La malédiction du numéro 9
En équipe de France, le port du maillot n°9 n'a jamais porté chance à son propriétaire. De 1958 à 2006, inventaires des victimes.
Auteur : Bruno Colombari
le 22 Mai 2006
Dans l’histoire du football, certains numéros valent plus cher que d’autres. Le 10 de Pelé, Platini, Zico, Maradona ou Zidane consacre souvent le meneur de jeu, le joueur créatif à partir duquel s’élabore le jeu offensif. Le 9 est celui de l’avant-centre, du buteur comme Gerd Müller, Paolo Rossi, Jean-Pierre Papin ou encore Ronaldo. Mais curieusement, chez les Bleus, ce numéro 9 semble porter la poisse lors des grandes compétitions.
9 à l'envers
Jusqu’en 1986, celui-ci ne correspond pas à un véritable avant-centre. En 1958, il est confié à un certain Casimir Hnatow (jamais sélectionné), mais c’est le 17, Just Fontaine, qui entre dans l’histoire. En 1966, il est porté par Didier Couecou, milieu de terrain. En 1978, c’est Dominique Bathenay qui en hérite (les numéros sont alors attribués par ligne et par ordre alphabétique). En 1982 et 1984, Bernard Genghini le récupère avant de le laisser à Luis Fernandez en 1986.
À partir de 1992, il revient aux attaquants. Jean-Pierre Papin, tout nouveau Ballon d’Or et qui empile les buts avec les Bleus, l’endosse lors de l’Euro en Suède. Il marque les deux buts français, mais quitte la compétition au premier tour. C’est sa dernière phase finale en équipe de France, et le début de la fin de sa carrière, avec un transfert au Milan AC où il s’enterrera.

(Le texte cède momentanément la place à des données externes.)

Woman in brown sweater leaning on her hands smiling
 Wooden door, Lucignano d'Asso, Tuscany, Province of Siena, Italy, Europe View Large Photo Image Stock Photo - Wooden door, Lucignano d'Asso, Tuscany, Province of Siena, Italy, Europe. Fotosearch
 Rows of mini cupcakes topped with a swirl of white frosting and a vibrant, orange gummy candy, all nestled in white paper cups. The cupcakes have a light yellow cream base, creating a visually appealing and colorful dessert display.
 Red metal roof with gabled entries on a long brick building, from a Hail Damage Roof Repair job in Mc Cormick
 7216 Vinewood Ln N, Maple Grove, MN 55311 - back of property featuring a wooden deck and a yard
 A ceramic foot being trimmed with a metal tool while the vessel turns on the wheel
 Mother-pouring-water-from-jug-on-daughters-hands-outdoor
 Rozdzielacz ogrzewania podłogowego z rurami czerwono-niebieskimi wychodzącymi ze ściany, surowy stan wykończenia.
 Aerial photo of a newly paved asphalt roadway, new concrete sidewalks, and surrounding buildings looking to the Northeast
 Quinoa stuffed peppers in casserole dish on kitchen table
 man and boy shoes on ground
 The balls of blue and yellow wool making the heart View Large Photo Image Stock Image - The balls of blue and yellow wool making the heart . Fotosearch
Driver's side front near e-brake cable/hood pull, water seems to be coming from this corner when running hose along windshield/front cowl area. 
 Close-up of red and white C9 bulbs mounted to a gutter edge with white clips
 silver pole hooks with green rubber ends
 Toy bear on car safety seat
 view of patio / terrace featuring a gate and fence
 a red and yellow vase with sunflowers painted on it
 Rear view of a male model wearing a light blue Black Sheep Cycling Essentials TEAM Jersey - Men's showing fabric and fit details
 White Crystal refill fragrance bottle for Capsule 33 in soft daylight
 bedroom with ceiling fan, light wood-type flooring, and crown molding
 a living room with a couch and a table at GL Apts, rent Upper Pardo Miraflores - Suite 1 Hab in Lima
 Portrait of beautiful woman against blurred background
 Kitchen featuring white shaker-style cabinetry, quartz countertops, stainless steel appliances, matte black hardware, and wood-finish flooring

En 1996, Youri Djorkaeff est un numéro 9 atypique, dans une attaque tristounette composée de Dugarry, Madar et Loko. Il marque un but contre l’Espagne, mais à l’image d’une équipe très défensive, il ne montre rien d’intéressant. Il se rabattra d’ailleurs sur le 6 pour les trois prochaines phases finales – le 6 qui est un 9 à l’envers.
En 1998, le maillot maudit est attribué à un nouveau venu, Stéphan Guivarc’h. Buteur prolifique en championnat de France, le Breton manque toutes ses occasions, dont un festival en finale contre le Brésil. On ne le reverra plus qu’une fois en Bleu.
Tunique maléfique
En 2000, le numéro porte-poisse est récupéré par l’un des plus grands espoirs du foot français, Nicolas Anelka, récent champion d’Europe avec le Real Madrid. Brillant lors des matches de préparation, le Parisien s’éteint peu à peu, perd sa place au profit de Dugarry et se fait voler la vedette en finale par Trezeguet. Pour Nicolas aussi, c’est le début d’une longue descente qui le privera des trois prochaines compétitions.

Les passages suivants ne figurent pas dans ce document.